Германское правительство энергично поддержало вступление [в ЕС] Польши и других центральноевропейских стран. Но старые государства-члены не справились в Ницце с двумя задачами. Они не сумели сплотиться вокруг главной цели – европейского процесса объединения в целом. Должна ли объединенная Европа оставаться лучшей зоной свободной торговли или стать актором политических действий, направленных вовне? Не удалось также своевременно усовершенствовать институты сообщества, чтобы такой сложной структурой, как расширенный ЕС, вообще можно было управлять. Конституционный конвент запоздал. Кроме того, началась иракская война, которая расколола Европейский союз по линии давно наметившихся трещин. Американская политика углубила противоречия между сторонниками интеграции и ее противниками. Можно понять с исторической точки зрения special relationship [20]20
Особые отношения (англ.)
[Закрыть]Великобритании с Соединенными Штатами или стремление Польши не ограничивать опять только что приобретенный национальный суверенитет. Но точно так же следует ожидать понимания исторического контекста устремлений, существующих у центральноевропейских государств. Их позиция – мы не хотели бы связывать себе руки развивающейся интеграцией. Но гегемониальная односторонность (Unilateralismus) США укрепила наше убеждение в том, что Европа должна научиться говорить в мире одним голосом. Из тупика нас выведет только просчитанный до мелочей проект «Европа различных скоростей».

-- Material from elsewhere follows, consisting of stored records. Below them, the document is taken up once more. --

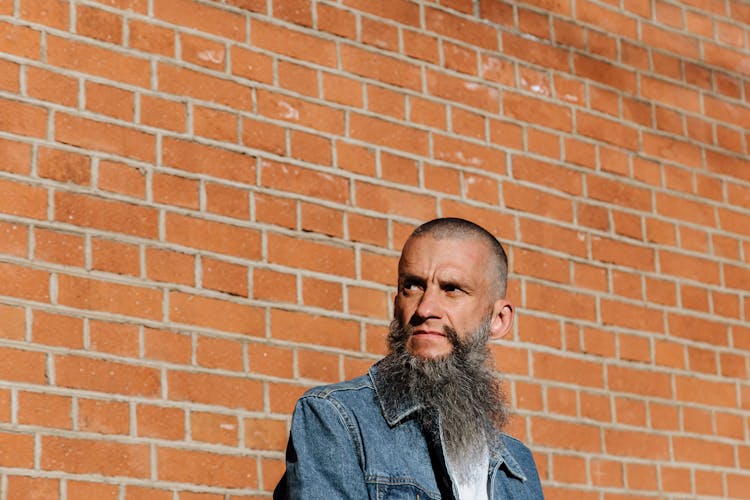 Adult Bearded Man Posing On Brick Wall Background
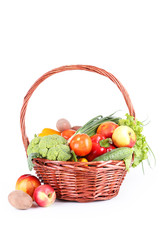 Vegetable in basket isolated on white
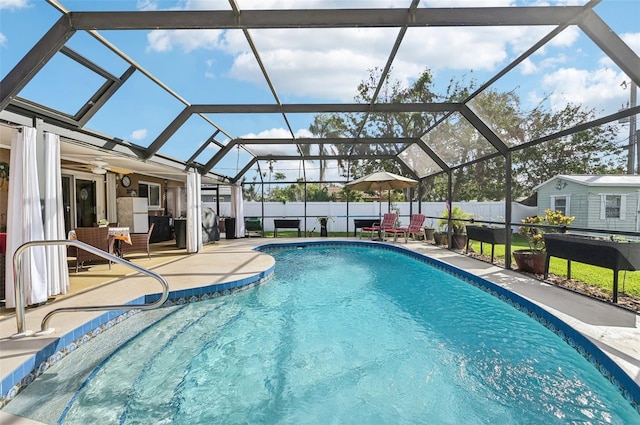 view of pool featuring glass enclosure, ceiling fan, and a patio area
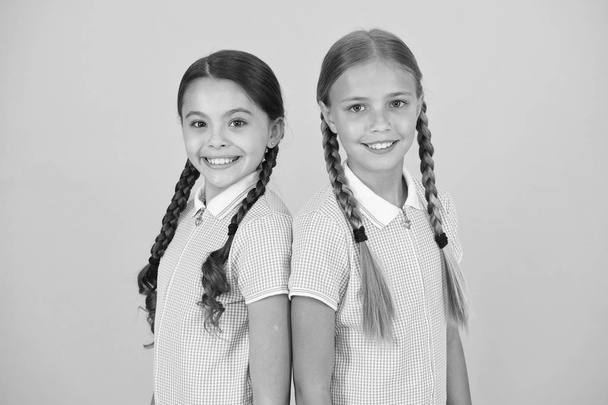 old school fashion. back to school. happy beauty with pigtails. happy childhood. brunette and blond hair. sisterhood concept. best friends. vintage style. small girls in retro uniform. at hairdresser - Φωτογραφία, εικόνα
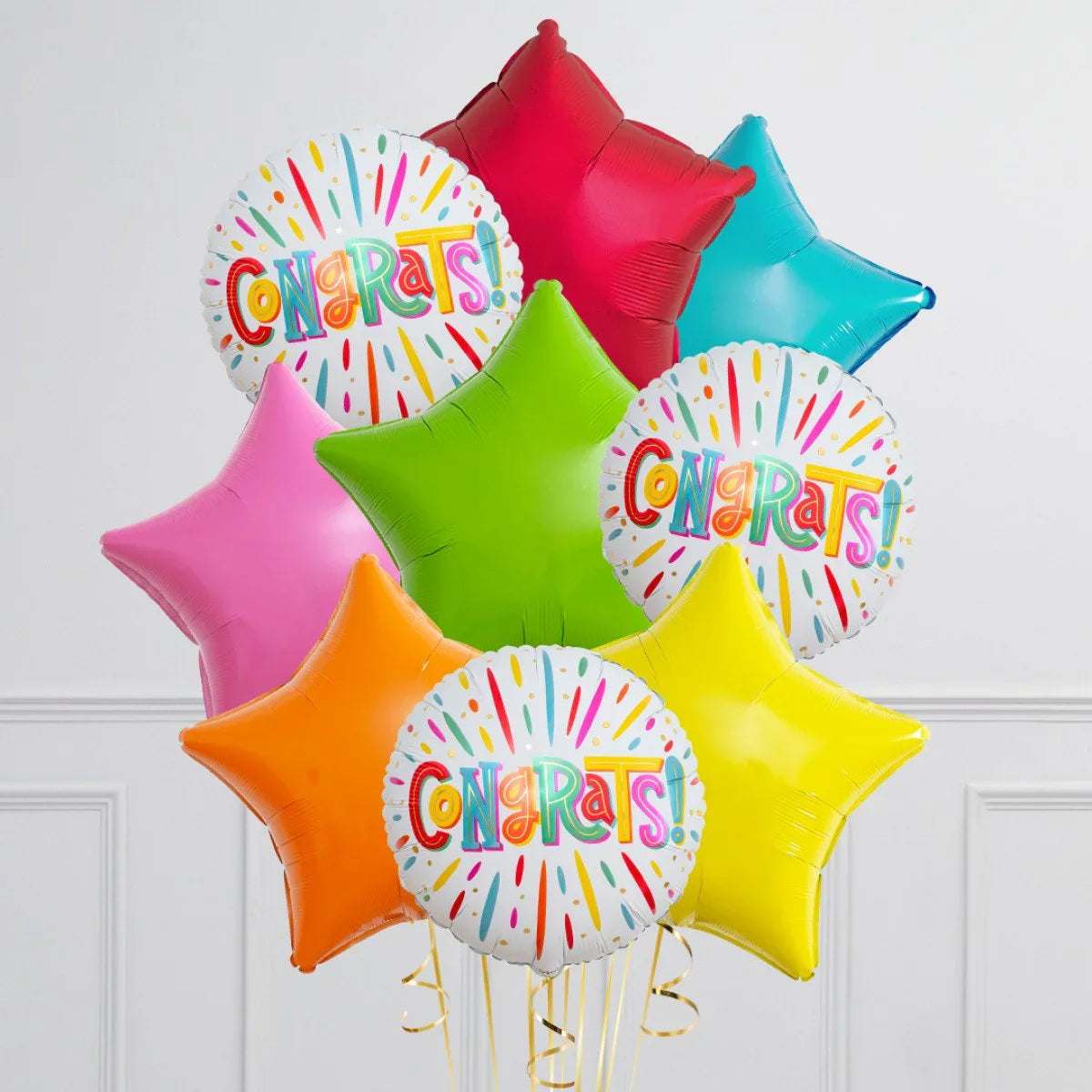 Colorful Congrats foil balloons bouquet with star-shaped balloons in red, blue, green, pink, orange, and yellow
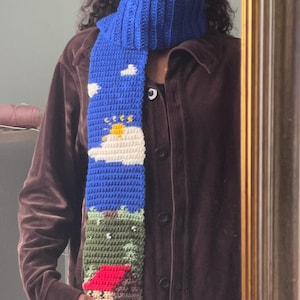 Könnte beinhalten: Ein blauer Häkel-Schal mit einem weißen Wolken-, gelben Sonnen- und grünem Gras-Design. Der Schal hat auch ein rotes und braunes Haus.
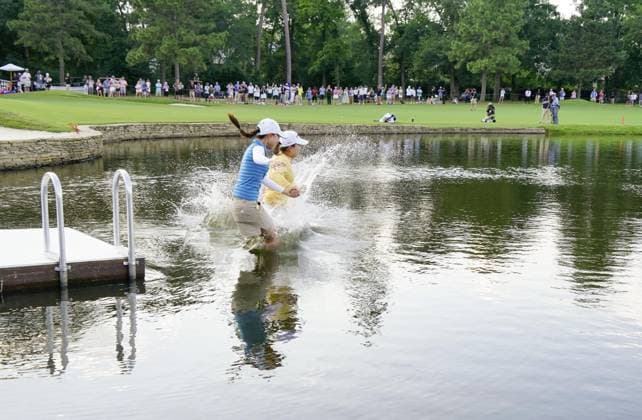 Golf: Chevron Championship Japanese golfer Mao Saigo (R) jumps into the pond after winning the Chevron Championship in a five-way playoff at The Club at Carlton Woods in The Woodlands, Texas, on April 27, 2025.  A14AA0004501106P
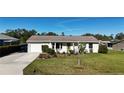 Charming single-story home with attached garage and well-maintained lawn, offering comfortable living at 18427 Goodman Cir, Port Charlotte, FL 33948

Уже в статье, написанной вами с Жаком Деррида, вы выступали за авангардное европейское ядро (Kerneuropa), выполняющее роль локомотива, – не приведет ли это скорее к распаду ВС?
Брюссельский сценарий только что показал нам, как ставшая неуправляемой Европа могла распасться, попав в тиски Великобритании, Испании и Польши. Никогда прежде Европейский Совет не допускал, чтобы столь легкомысленно провалили такой важный проект. Вместе с абсурдом национальных эгоизмов, во всей полноте явленных нам в Брюсселе, приходит фискально-вымогательское отношение друг к другу. Этот фатальный результат спровоцирован не какими-то планами европейского ядра, а как раз энергичной попыткой заставить Европу 25-ти шагать в ногу.
Означает ли [предлагаемая вами] альтернатива – форсировать развитие при помощи опережающего ядра Европы – новое разделение континента?
Если я вас правильно понимаю, многие поляки разрываются между страхами попасть в зависимость от Германии и Франции или оказаться в числе эксплуатируемой этими странами периферии. Но по мере поступательного вхождения в объединенную Европу и эти нации все сильнее зависят от решений большинства. Чтобы уверить всех, что европейское ядро – это переходный проект [ЕС], который ради собственных интересов открывает двери для других [стран региона], нужно четко разделить вопросы конституционной политики и распределительные решения о величине и использовании общего бюджета. Только тогда, когда рассеются раздражение и недоверие, можно показать на практике, что идти впереди не означает исключать. Каждое государство-член осуществляет предпочтительную для себя форму «тесного сотрудничества», как это предусмотрено в общеевропейских договоренностях и отчасти осуществлено в валютном союзе. Что касается остального, то меняется вся картина. Никакого массивного «ядра» не возникло бы, если бы различные партнеры объединились в более тесной кооперации на различных полях политики, – внешней политики, внутренней безопасности или гармонизации управления.